Considering another possible answer to this question can illuminate both Bork’s thinking and the problem of judicial implementation of authoritative texts, especially the Constitution. The value Bork found in the Sherman Act, with the help of his rejection of judicial value judgments, is a maximand: the purpose of the Sherman Act is to maximize consumer welfare.21 While it is conceivable that more than one set of antitrust doctrines would produce the most possible consumer welfare, the constraints are tight enough to make that unlikely. Bork himself praised the rigor of microeconomic analysis and very likely thought that the inferences he drew from it were essentially deductive, pointing to a single conclusion. Although judges might differ as to that answer, they would agree that in principle only one of them was right. And in Bork’s view the limited role of the judiciary meant that courts were obliged to find an interpretation of the Sherman Act that they could implement without making forbidden value judgments.22
Bork had less to say about the elaboration of constitutional doctrine, but he applied a similar principle to judge-made constitutional law. He favored the rule of Brown over that of Plessy on the grounds that the former did not require that courts tell good from bad race discrimination on the basis of their own value judgments.23 A simple ban on race discrimination, with no exception for separate but equal, was in accordance with the proper judicial role.
Brown and Plessy were already familiar territory when Bork wrote about them in 1971. He set out to blaze a new trail for the First Amendment in his concurring opinion in Ollman v Evans.24 Although he explicitly embraced judicial creativity, there is no reason to think that he had significantly changed his view of the permissible extent of judicial choice. His reasoning in Ollman suggests that he thought the courts to operate under fairly tight constraints in creating First Amendment doctrine, as they did under the Sherman Act. He assumed that the First Amendment required some practical degree of press freedom and urged a rule that in his view would achieve it.25 Bork did not ask whether his rule was only one of many, among which a judge could choose on the basis of the judge’s own values. He did not present it as such a choice, but as the best solution to the practical problem posed by the Constitution and changing circumstances. An example he gave of a similar development, the Supreme Court’s decision to treat electronic eavesdropping as a search, did not involve a judicial selection among options based on the judges’ preferences.26 That interpretation of the Fourth Amendment answered a yes-or-no question.

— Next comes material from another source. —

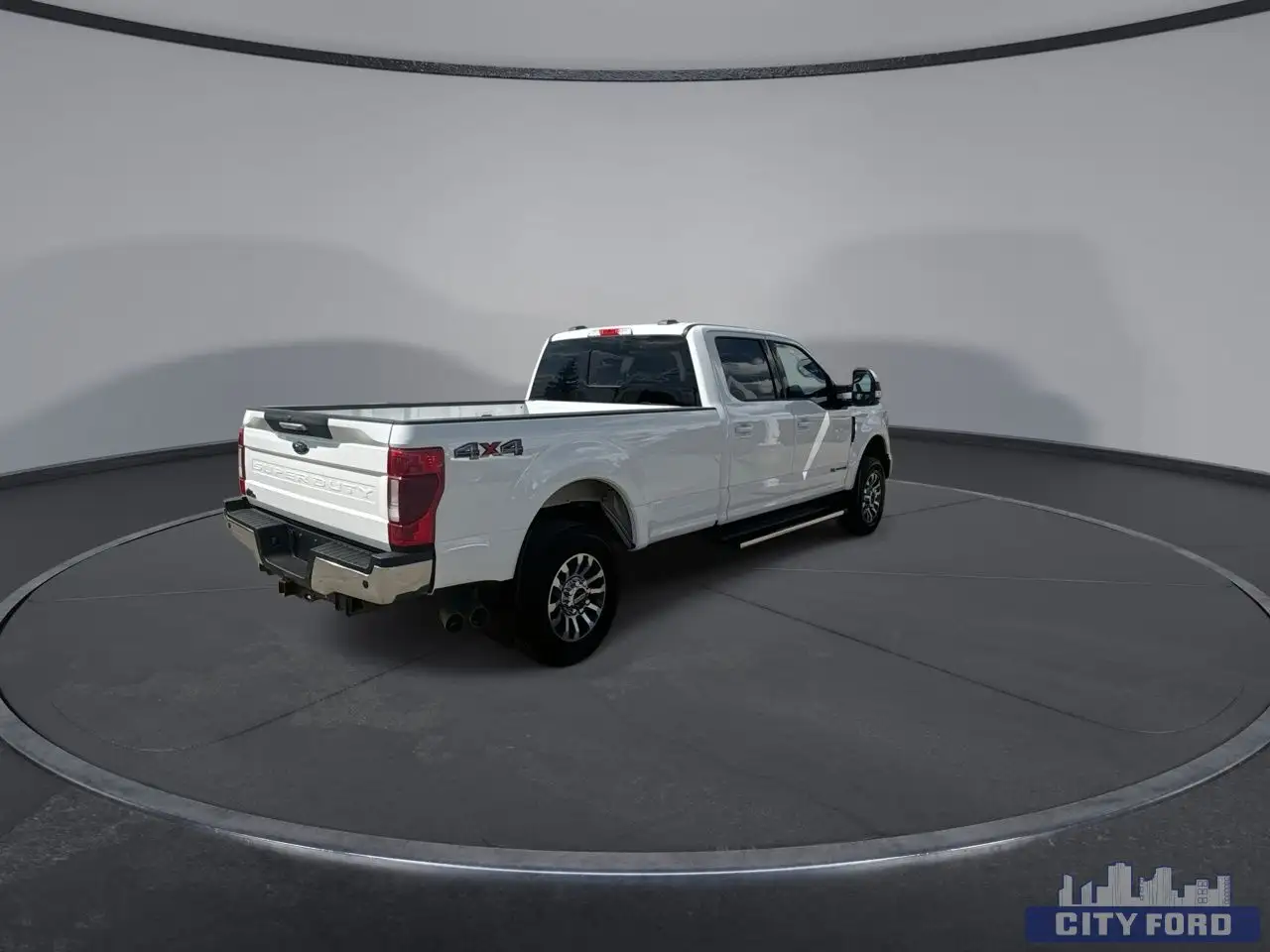 Ford F 250 снимка Ford F 250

Quite possibly, Bork believed that judges perform a difficult but purely technical task, one in which the text’s posited values constrain their instrumental inquiry so that it has in principle one right answer. If so, he would have been untroubled by judicial creativity. He seems to have thought that, or something quite like it. Indeed, because he embraced a limited judicial role as a basic constitutional principle, Bork almost certainly believed that doctrine making was legitimate only insofar as it could be done without significant value choices. Courts could make law, but only while remaining courts.27
Bork took some things for granted. He seems simply to have assumed that courts would make lawlike doctrine, and his view about the Constitution’s fundamentally democratic character may have been more an assumption than a conclusion carefully reasoned to. His view about the judicial role and the impropriety of judicial value judgments, however, was self-consciously derived from more fundamental premises. It was not just an assumption. And having derived it with some care, he sought systematically to base his approach to judge-made-law interpretation on it.

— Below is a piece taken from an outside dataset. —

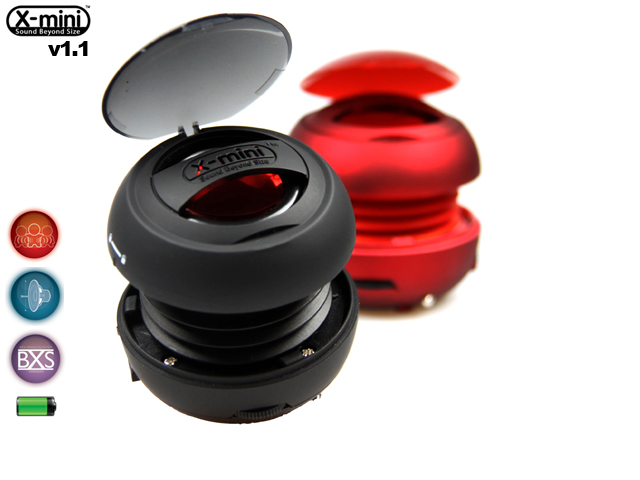 1 Day Fly - X-mini V1.1 1 Day Fly - X-mini V1.1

The contemporary debates about doctrine, its sources and its justification, can profit from that kind of careful inquiry into and exposition of the judicial role. For one thing, a natural argument from vagueness to judge-made law makes an assumption that, on careful examination, proves to be more controversial than it may seem. As noted above, courts make law by setting binding precedents and can make law only insofar as they may do so.28 Judge-made law concerning vague constitutional provisions arises when rules of thumb that courts use to aid them in resolving vagueness harden into binding rules, and thereby replace the amorphous provision with a norm that is more determinate and, for that reason if no other, different. Rules of thumb turn into binding rules because of precedent: when courts take as authoritative a formulation found in a prior case, they substitute the prior case’s proxy for the rule itself.

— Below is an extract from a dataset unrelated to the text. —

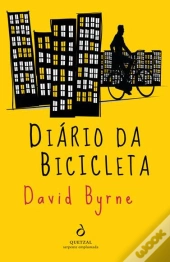 Diário da Bicicleta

Precedent is familiar enough, but it is a contingent feature of the legal system. If precedent were not binding, each court in each new case would apply vague constitutional provisions with nothing more than rules of thumb to guide it. That would have serious drawbacks, which is why stare decisis is so common a rule, but in my view the Constitution permits Congress to limit or eliminate the rule of stare decisis by the federal courts, because the rules of precedent are themselves subconstitutional, and subject to Congress’s power to carry into execution the judicial power.29 The claim that the Constitution in effect requires the judicial creation of rule-like doctrines through precedent should be examined and defended, not simply taken for granted. If the rules of precedent are not inevitable, then the exercise of judicial policy discretion that goes into making binding rules out of rules of thumb is not inevitable either. Whether that discretion is consistent with the courts’ constitutional role is a question to be answered on its own terms.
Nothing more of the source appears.